START Task data

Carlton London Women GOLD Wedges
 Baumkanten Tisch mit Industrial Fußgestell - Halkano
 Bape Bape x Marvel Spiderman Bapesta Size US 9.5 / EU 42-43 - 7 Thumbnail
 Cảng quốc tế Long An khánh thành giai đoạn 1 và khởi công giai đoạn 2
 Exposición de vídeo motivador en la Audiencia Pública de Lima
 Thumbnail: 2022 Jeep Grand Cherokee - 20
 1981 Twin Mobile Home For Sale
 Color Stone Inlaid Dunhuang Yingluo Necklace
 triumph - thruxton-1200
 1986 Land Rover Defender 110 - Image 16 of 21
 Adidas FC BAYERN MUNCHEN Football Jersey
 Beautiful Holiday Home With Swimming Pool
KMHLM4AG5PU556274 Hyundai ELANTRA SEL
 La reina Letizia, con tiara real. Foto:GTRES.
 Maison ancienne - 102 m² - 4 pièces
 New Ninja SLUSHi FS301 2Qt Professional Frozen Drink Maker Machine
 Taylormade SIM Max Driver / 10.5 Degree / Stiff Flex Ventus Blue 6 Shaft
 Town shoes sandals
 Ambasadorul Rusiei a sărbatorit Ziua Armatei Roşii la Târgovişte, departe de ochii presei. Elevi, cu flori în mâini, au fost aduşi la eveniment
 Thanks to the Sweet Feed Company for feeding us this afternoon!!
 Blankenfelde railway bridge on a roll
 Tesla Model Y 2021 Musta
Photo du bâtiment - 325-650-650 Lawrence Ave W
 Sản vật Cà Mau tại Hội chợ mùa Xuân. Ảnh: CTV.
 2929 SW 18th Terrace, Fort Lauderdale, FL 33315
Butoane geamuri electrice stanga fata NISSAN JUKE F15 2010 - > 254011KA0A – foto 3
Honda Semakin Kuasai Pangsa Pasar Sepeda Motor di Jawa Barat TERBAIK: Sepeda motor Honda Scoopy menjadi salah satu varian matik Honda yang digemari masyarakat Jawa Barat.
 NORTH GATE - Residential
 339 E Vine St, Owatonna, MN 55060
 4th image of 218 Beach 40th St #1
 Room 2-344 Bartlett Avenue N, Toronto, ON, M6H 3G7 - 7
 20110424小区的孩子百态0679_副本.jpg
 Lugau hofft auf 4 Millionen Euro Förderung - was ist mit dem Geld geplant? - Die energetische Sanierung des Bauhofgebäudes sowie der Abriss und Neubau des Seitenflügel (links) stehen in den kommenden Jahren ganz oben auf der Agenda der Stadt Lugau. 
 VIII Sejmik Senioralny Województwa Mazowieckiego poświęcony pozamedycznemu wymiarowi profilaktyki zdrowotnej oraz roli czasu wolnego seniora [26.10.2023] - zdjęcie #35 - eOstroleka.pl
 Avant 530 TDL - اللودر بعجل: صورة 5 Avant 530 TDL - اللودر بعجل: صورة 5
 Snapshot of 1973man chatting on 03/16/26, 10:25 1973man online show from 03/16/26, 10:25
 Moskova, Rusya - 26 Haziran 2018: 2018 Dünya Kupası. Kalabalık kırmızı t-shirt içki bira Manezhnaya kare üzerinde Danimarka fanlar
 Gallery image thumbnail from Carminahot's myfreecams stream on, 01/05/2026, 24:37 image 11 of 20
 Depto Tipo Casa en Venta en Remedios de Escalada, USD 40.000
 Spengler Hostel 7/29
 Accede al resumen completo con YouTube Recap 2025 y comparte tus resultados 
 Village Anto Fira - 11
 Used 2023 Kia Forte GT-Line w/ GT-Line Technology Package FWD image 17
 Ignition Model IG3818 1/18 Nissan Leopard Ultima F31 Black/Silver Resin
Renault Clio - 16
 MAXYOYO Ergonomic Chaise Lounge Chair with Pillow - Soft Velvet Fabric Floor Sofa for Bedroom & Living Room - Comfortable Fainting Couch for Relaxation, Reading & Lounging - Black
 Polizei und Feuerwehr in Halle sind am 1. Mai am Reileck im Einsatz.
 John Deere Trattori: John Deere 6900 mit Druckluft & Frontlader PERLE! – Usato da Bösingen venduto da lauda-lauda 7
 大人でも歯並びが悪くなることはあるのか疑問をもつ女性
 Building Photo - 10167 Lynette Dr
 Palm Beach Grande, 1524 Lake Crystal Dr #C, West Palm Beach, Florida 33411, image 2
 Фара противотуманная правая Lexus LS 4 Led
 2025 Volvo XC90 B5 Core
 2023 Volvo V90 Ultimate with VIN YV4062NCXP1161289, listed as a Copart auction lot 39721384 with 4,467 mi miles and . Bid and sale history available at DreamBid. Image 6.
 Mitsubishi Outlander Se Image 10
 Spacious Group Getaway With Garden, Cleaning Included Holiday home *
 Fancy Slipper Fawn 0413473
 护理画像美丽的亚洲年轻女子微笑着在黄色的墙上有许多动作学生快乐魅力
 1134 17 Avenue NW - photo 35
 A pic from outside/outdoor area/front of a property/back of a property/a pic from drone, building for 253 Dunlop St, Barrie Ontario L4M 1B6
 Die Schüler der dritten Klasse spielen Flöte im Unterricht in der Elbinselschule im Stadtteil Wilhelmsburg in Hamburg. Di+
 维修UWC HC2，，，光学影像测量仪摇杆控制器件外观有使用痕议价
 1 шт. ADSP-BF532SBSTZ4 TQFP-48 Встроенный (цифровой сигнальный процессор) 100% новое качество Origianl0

END Task data

Your instructions: The material above needs to be reproduced exactly as written.

Worked solution:
Carlton London Women GOLD Wedges
 Baumkanten Tisch mit Industrial Fußgestell - Halkano
 Bape Bape x Marvel Spiderman Bapesta Size US 9.5 / EU 42-43 - 7 Thumbnail
 Cảng quốc tế Long An khánh thành giai đoạn 1 và khởi công giai đoạn 2
 Exposición de vídeo motivador en la Audiencia Pública de Lima
 Thumbnail: 2022 Jeep Grand Cherokee - 20
 1981 Twin Mobile Home For Sale
 Color Stone Inlaid Dunhuang Yingluo Necklace
 triumph - thruxton-1200
 1986 Land Rover Defender 110 - Image 16 of 21
 Adidas FC BAYERN MUNCHEN Football Jersey
 Beautiful Holiday Home With Swimming Pool
KMHLM4AG5PU556274 Hyundai ELANTRA SEL
 La reina Letizia, con tiara real. Foto:GTRES.
 Maison ancienne - 102 m² - 4 pièces
 New Ninja SLUSHi FS301 2Qt Professional Frozen Drink Maker Machine
 Taylormade SIM Max Driver / 10.5 Degree / Stiff Flex Ventus Blue 6 Shaft
 Town shoes sandals
 Ambasadorul Rusiei a sărbatorit Ziua Armatei Roşii la Târgovişte, departe de ochii presei. Elevi, cu flori în mâini, au fost aduşi la eveniment
 Thanks to the Sweet Feed Company for feeding us this afternoon!!
 Blankenfelde railway bridge on a roll
 Tesla Model Y 2021 Musta
Photo du bâtiment - 325-650-650 Lawrence Ave W
 Sản vật Cà Mau tại Hội chợ mùa Xuân. Ảnh: CTV.
 2929 SW 18th Terrace, Fort Lauderdale, FL 33315
Butoane geamuri electrice stanga fata NISSAN JUKE F15 2010 - > 254011KA0A – foto 3
Honda Semakin Kuasai Pangsa Pasar Sepeda Motor di Jawa Barat TERBAIK: Sepeda motor Honda Scoopy menjadi salah satu varian matik Honda yang digemari masyarakat Jawa Barat.
 NORTH GATE - Residential
 339 E Vine St, Owatonna, MN 55060
 4th image of 218 Beach 40th St #1
 Room 2-344 Bartlett Avenue N, Toronto, ON, M6H 3G7 - 7
 20110424小区的孩子百态0679_副本.jpg
 Lugau hofft auf 4 Millionen Euro Förderung - was ist mit dem Geld geplant? - Die energetische Sanierung des Bauhofgebäudes sowie der Abriss und Neubau des Seitenflügel (links) stehen in den kommenden Jahren ganz oben auf der Agenda der Stadt Lugau. 
 VIII Sejmik Senioralny Województwa Mazowieckiego poświęcony pozamedycznemu wymiarowi profilaktyki zdrowotnej oraz roli czasu wolnego seniora [26.10.2023] - zdjęcie #35 - eOstroleka.pl
 Avant 530 TDL - اللودر بعجل: صورة 5 Avant 530 TDL - اللودر بعجل: صورة 5
 Snapshot of 1973man chatting on 03/16/26, 10:25 1973man online show from 03/16/26, 10:25
 Moskova, Rusya - 26 Haziran 2018: 2018 Dünya Kupası. Kalabalık kırmızı t-shirt içki bira Manezhnaya kare üzerinde Danimarka fanlar
 Gallery image thumbnail from Carminahot's myfreecams stream on, 01/05/2026, 24:37 image 11 of 20
 Depto Tipo Casa en Venta en Remedios de Escalada, USD 40.000
 Spengler Hostel 7/29
 Accede al resumen completo con YouTube Recap 2025 y comparte tus resultados 
 Village Anto Fira - 11
 Used 2023 Kia Forte GT-Line w/ GT-Line Technology Package FWD image 17
 Ignition Model IG3818 1/18 Nissan Leopard Ultima F31 Black/Silver Resin
Renault Clio - 16
 MAXYOYO Ergonomic Chaise Lounge Chair with Pillow - Soft Velvet Fabric Floor Sofa for Bedroom & Living Room - Comfortable Fainting Couch for Relaxation, Reading & Lounging - Black
 Polizei und Feuerwehr in Halle sind am 1. Mai am Reileck im Einsatz.
 John Deere Trattori: John Deere 6900 mit Druckluft & Frontlader PERLE! – Usato da Bösingen venduto da lauda-lauda 7
 大人でも歯並びが悪くなることはあるのか疑問をもつ女性
 Building Photo - 10167 Lynette Dr
 Palm Beach Grande, 1524 Lake Crystal Dr #C, West Palm Beach, Florida 33411, image 2
 Фара противотуманная правая Lexus LS 4 Led
 2025 Volvo XC90 B5 Core
 2023 Volvo V90 Ultimate with VIN YV4062NCXP1161289, listed as a Copart auction lot 39721384 with 4,467 mi miles and . Bid and sale history available at DreamBid. Image 6.
 Mitsubishi Outlander Se Image 10
 Spacious Group Getaway With Garden, Cleaning Included Holiday home *
 Fancy Slipper Fawn 0413473
 护理画像美丽的亚洲年轻女子微笑着在黄色的墙上有许多动作学生快乐魅力
 1134 17 Avenue NW - photo 35
 A pic from outside/outdoor area/front of a property/back of a property/a pic from drone, building for 253 Dunlop St, Barrie Ontario L4M 1B6
 Die Schüler der dritten Klasse spielen Flöte im Unterricht in der Elbinselschule im Stadtteil Wilhelmsburg in Hamburg. Di+
 维修UWC HC2，，，光学影像测量仪摇杆控制器件外观有使用痕议价
 1 шт. ADSP-BF532SBSTZ4 TQFP-48 Встроенный (цифровой сигнальный процессор) 100% новое качество Origianl0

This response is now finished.